Nous avons eu, tout à l'heure, une amorce de débat pour savoir où avait commencé la crise, qui étaient les coupables : les Américains ou les Européens ?
La semaine dernière – notre rapporteur, M. Jérôme Chartier, peut en témoigner – nous avons reçu le président de l'association française des banques et, depuis, je me demande très sérieusement s'il reste aux politiques une quelconque marge d'action sur le système financier. Écoutez bien, madame la ministre, monsieur le président de la commission, cela concerne des millions de Français. Ce monsieur nous a en effet expliqué que les conditions faites par les banques françaises à leurs clients étaient parmi les meilleures du monde. Nous avions pourtant sous les yeux un rapport de la Commission européenne montrant qu'elles étaient, en France, parmi les plus mauvaises ; nous ne sommes distancés que par les Espagnols et les Portugais ; partout ailleurs, la rémunération des services se caractérise par son ordre, sa clarté, et son coût est très inférieur.
Chaque Française, chaque Français a un compte bancaire. Quand on sert le « président du pouvoir d'achat », il me semble qu'on devrait se préoccuper de ce que paient les clients des banques au titre des services. Cela n'a pas l'air de vous brancher, madame la ministre, et ce n'est pourtant pas un petit sujet.
Alors que la discussion portait sur les diverses mesures prudentielles – Bâle II, Bâle III –, M. le président de l'association française des banques n'a cessé de nous mettre en garde, expliquant que cela allait se traduire par la nécessité de renforcer les fonds propres, qui coûtent très cher. Comme nous lui demandions combien cela coûtait exactement, il a répondu : de 9 à 13 %. Je n'ai pas été le seul à sursauter ; M. Arthuis lui-même, président de la commission des finances du Sénat, a été surpris. Nous avons demandé d'où sortait ce chiffre, au moment où la BCE fait du crédit à 1 % et dans un pays où les dépôts ne sont pas rémunérés. M. le président de l'association française des banques a répondu que c'étaient ce qu'exigeaient leurs actionnaires pour leur rémunération !

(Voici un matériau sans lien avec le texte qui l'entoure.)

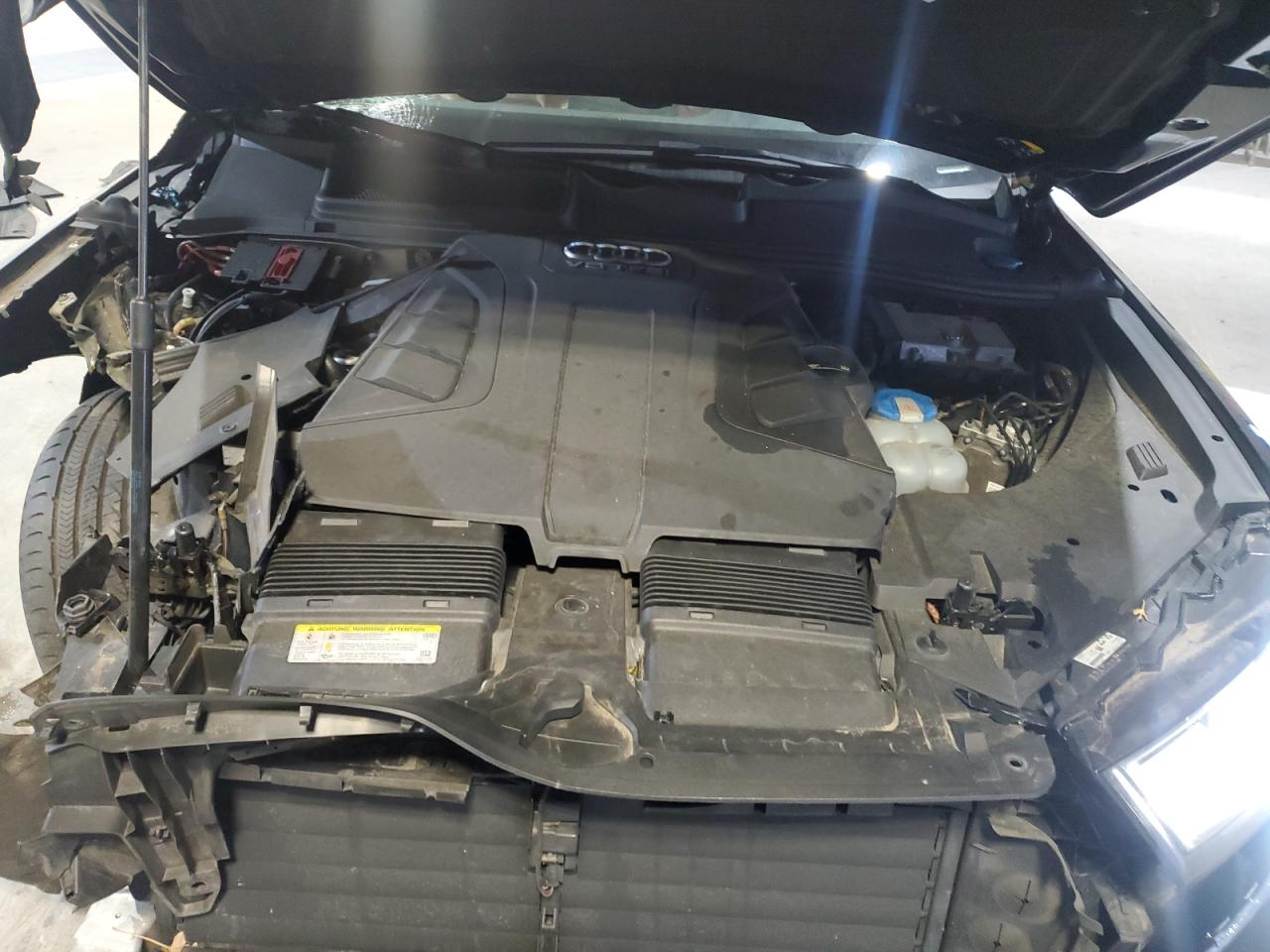 2017 Audi Q7 Premium Plus VIN: WA1LAAF70HD007405 Lot: 92714455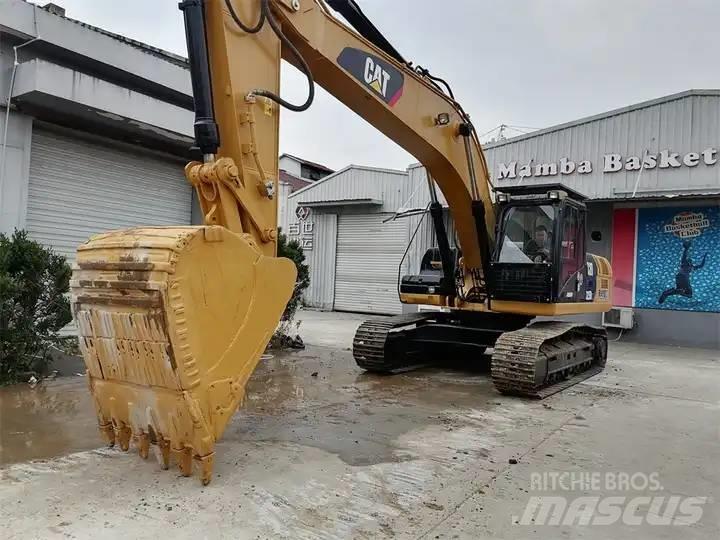 CAT CAT325 Pásová rýpadla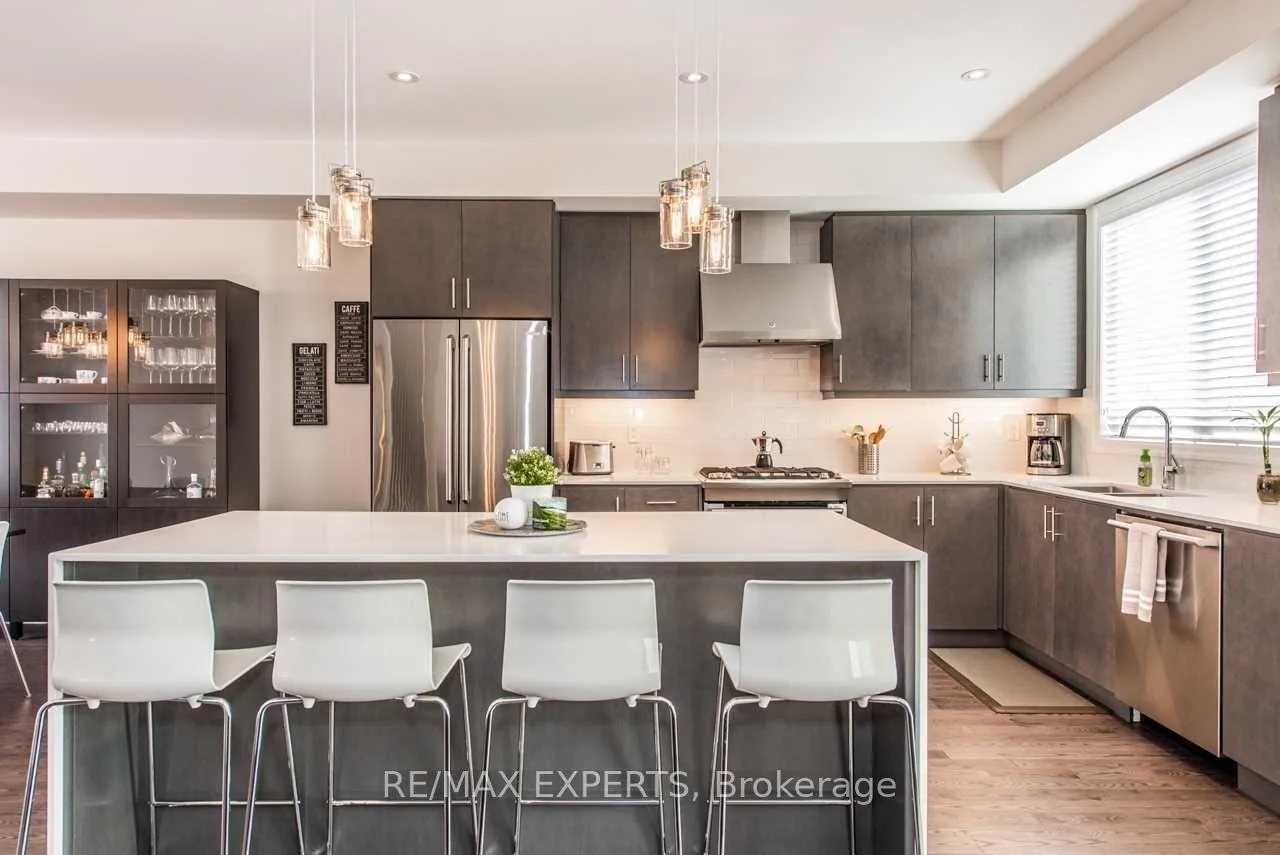 Photo 29 of 37 Juneau Street, Vaughan, East Woodbridge — HOMEH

Madame la ministre, j'attire votre attention sur une réalité : le système bancaire qui est censé concourir au développement de l'économie prétend à 13 % de rémunération des fonds, dans une conjoncture où le taux de croissance est de 1 % ; il s'arroge de 9 à 13 % de rémunération dans une économie où le brave déposant du Livret A touche, royalement, 1,25 % !
Ce système bancaire et financier, qui est censé aider le développement économique, est devenu un système prédateur. Notre brillante direction générale du Trésor devrait sérieusement réfléchir à la question et nous exposer un jour sa version des faits. Sans doute ces deux chiffres sont-ils un peu abscons pour les non-initiés, mais ils nous permettent de mesurer ce qu'est devenue la puissance du système bancaire et de ses divers accompagnants.
Puis-je me permettre de vous faire une suggestion, madame la ministre ?
Dans la mesure où la France emprunte à 3,50 % – avec un spread de 3 et quelque, un peu supérieur à celui de l'Allemagne, qui commence à devenir consistant –, pourquoi ne pas emprunter à ce taux et prendre, dans les banques, du capital qui vous rapportera 13 % ? Vous auriez déjà là de belles recettes qui vous aideraient à tenir vos engagements auprès de Bruxelles.